▶ RECORD SET
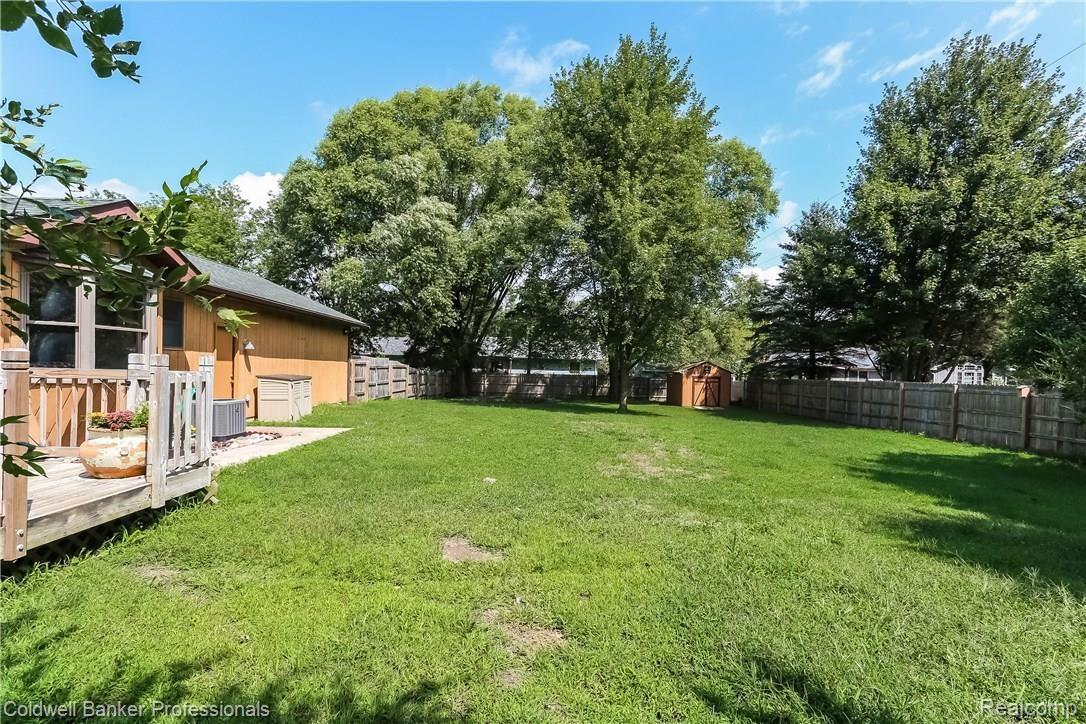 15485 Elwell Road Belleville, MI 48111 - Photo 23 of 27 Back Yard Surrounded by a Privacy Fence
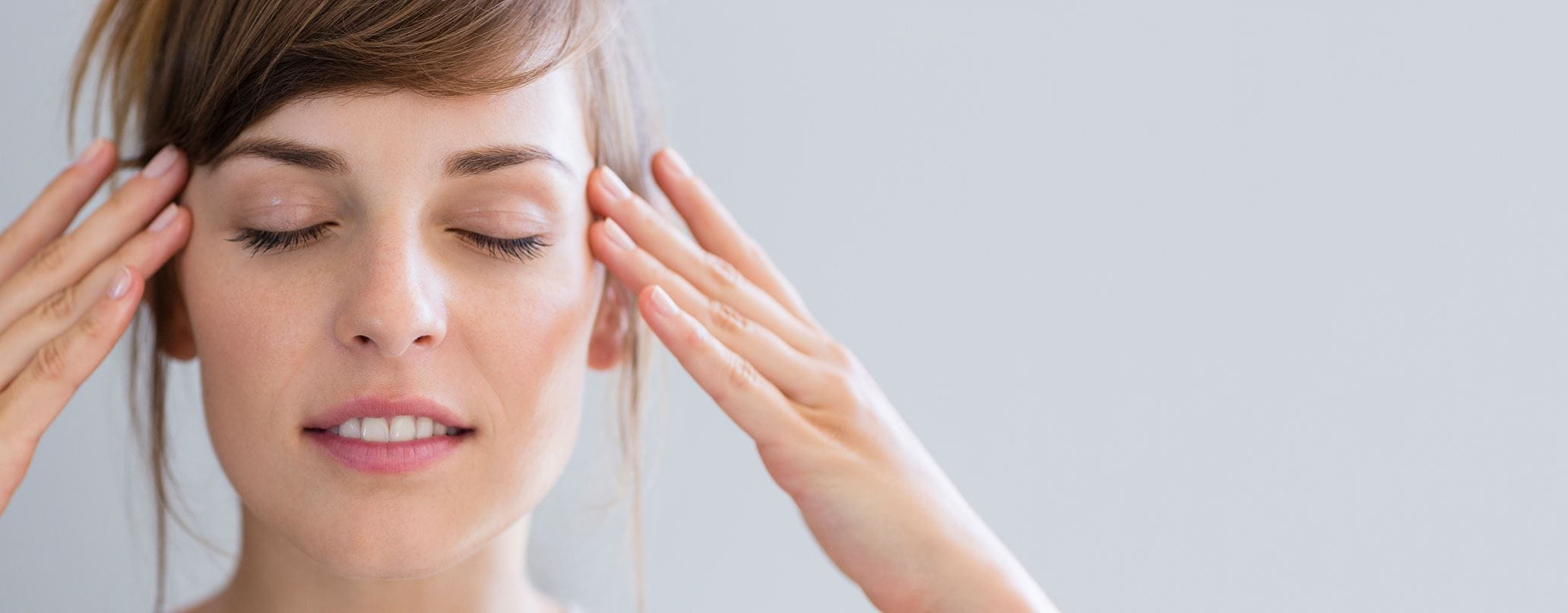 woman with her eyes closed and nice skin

...

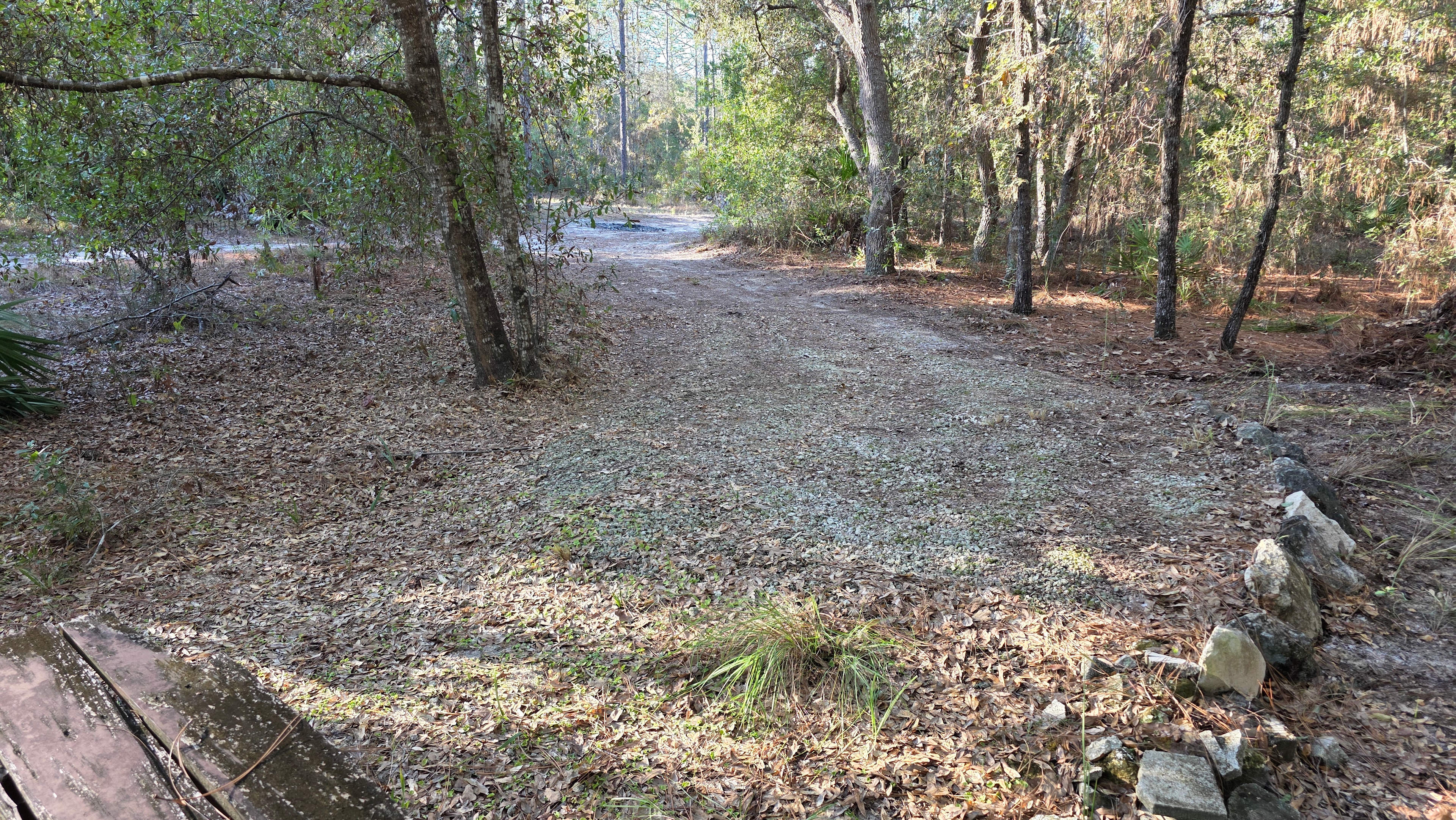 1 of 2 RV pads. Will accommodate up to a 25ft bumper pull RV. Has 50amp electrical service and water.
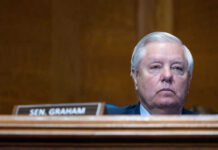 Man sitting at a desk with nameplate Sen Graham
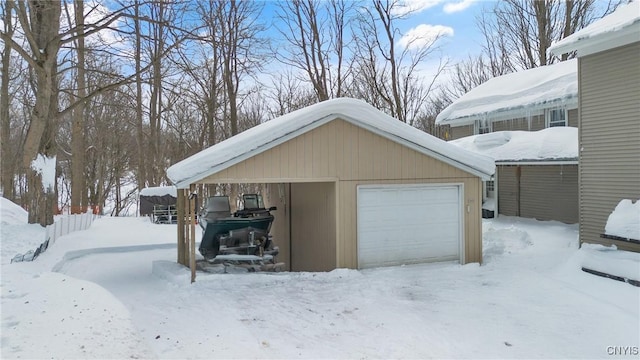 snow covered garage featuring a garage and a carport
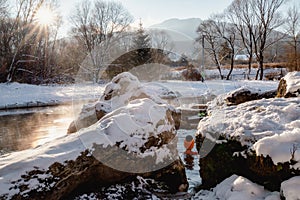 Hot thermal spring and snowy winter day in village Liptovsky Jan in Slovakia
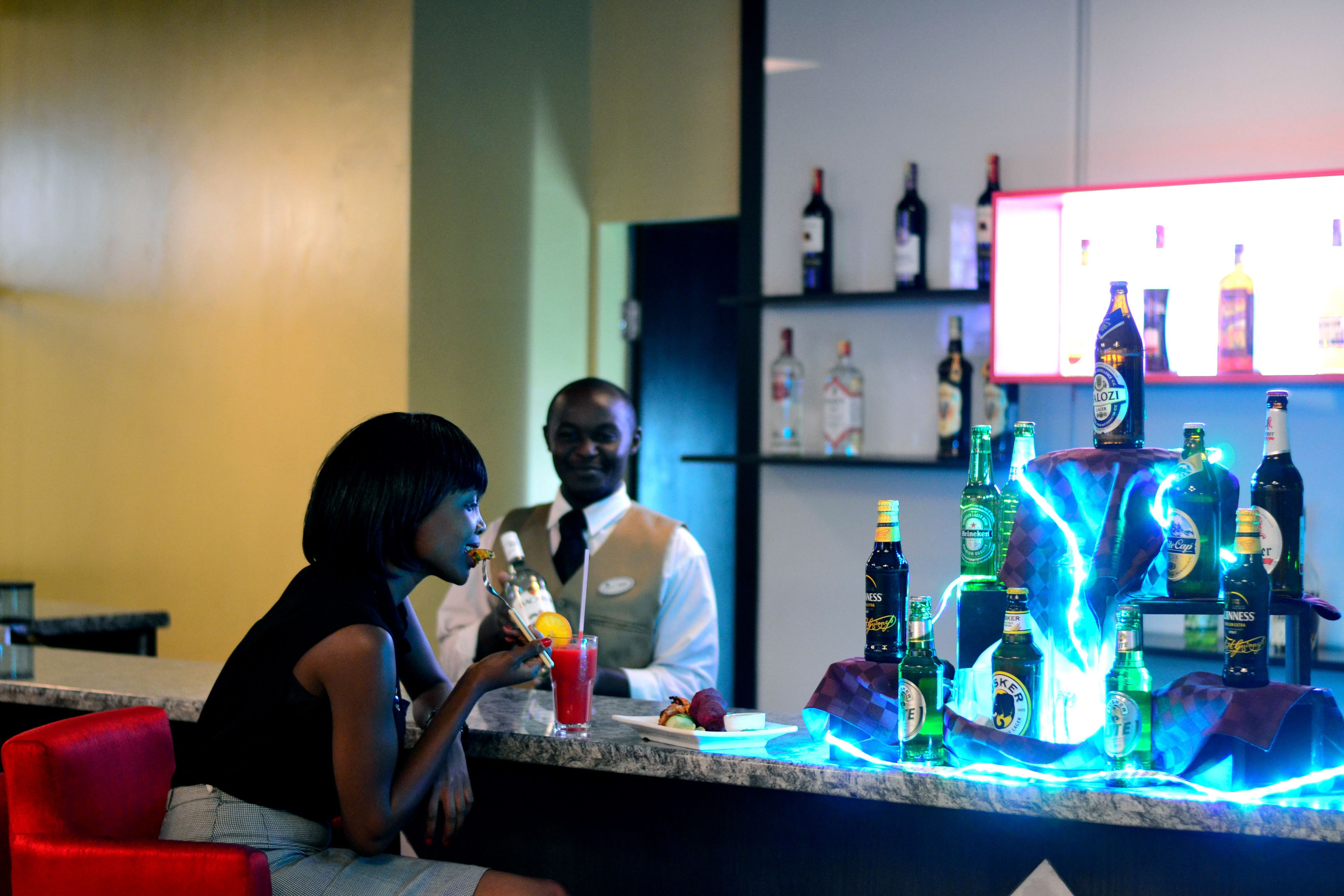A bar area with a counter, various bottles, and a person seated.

▶ YOUR INSTRUCTIONS
Start with the line above containing "Hot thermal spring" and end with the line containing "A bar area with". Set down that stretch exactly, without any pictures.

▶ SOLUTION FOR THIS EXERCISE
 Hot thermal spring and snowy winter day in village Liptovsky Jan in Slovakia
A bar area with a counter, various bottles, and a person seated.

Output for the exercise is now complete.